Database Performance Considerations - Where indexes can improve performance and where not

In a nutshell a database index is an auxiliary data structure which allows for faster retrieval of data stored in the database. They are keyed off of a specific column so that queries like “Give me all people with a last name of ‘Sam’” are fast.

Indexes don’t come for free. What you gain for in retrieval speed you lose in insertion and deletion speed because every time you alter a table the indexes must be updated accordingly. If your table is updating frequently it’s possible that having indexes will cause overall performance of your database to suffer. There is also a space penalty, as the indexes take up space in memory or on disk. A single index is smaller than the table because it doesn’t contain all the data, only pointers to the data, but in general the larger the table the larger the index

(1) When to Index

- Columns frequently used in search or query expressions
- Columns used to join tables
- High-selectivity keys. The selectivity of an index is the percentage of rows in a table having the same value for the indexed key. An index's selectivity is optimal if few rows have the same value.
- Foreign keys

(2) When do not Index
- Columns and expressions with few distinct values
- Frequently updated columns

Consider indexing foreign keys of referential integrity constraints, since this column is commonly used to join both tables. Indexing foreign key columns helps avoid full table scans while searching for matching rows in the child when DML is performed on the parent.
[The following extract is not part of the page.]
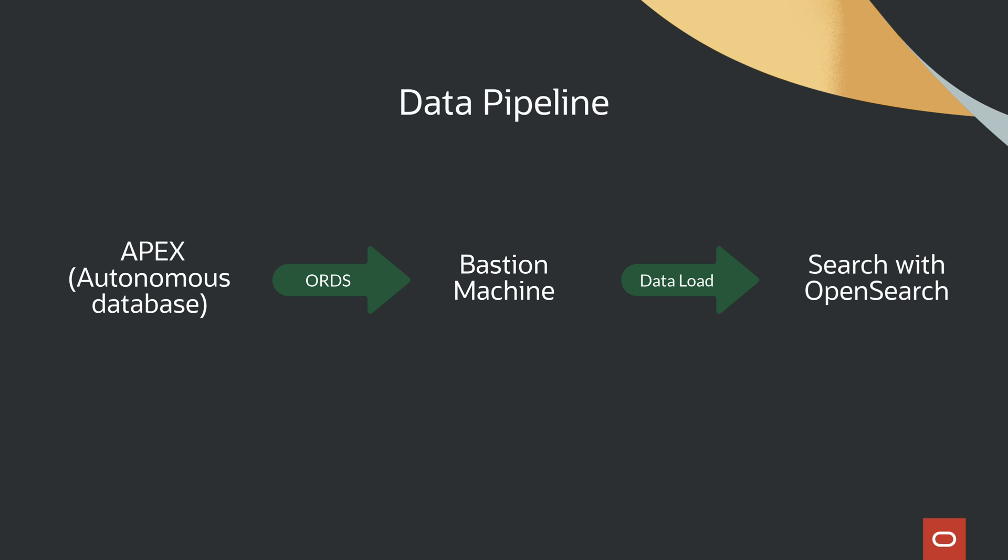We have established a data pipeline on our Bastion machine. This pipeline extracts data from the endpoint that we just created in Oracle Apex and seamlessly loads it into the OpenSearch cluster.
When choosing to index a column (or group of columns), consider whether the performance gain for queries is worth the performance loss for massive INSERTs, UPDATEs, and DELETEs and the quantity of space required to store the index. You might want to experiment by comparing the processing times of the SQL statements with and without indexes. You can measure processing time with the SQL Trace facility.

Finally, the best way to know if you need to index or not is generating the execution plan for the query. Analyzing it you can determine if an index should be or not created.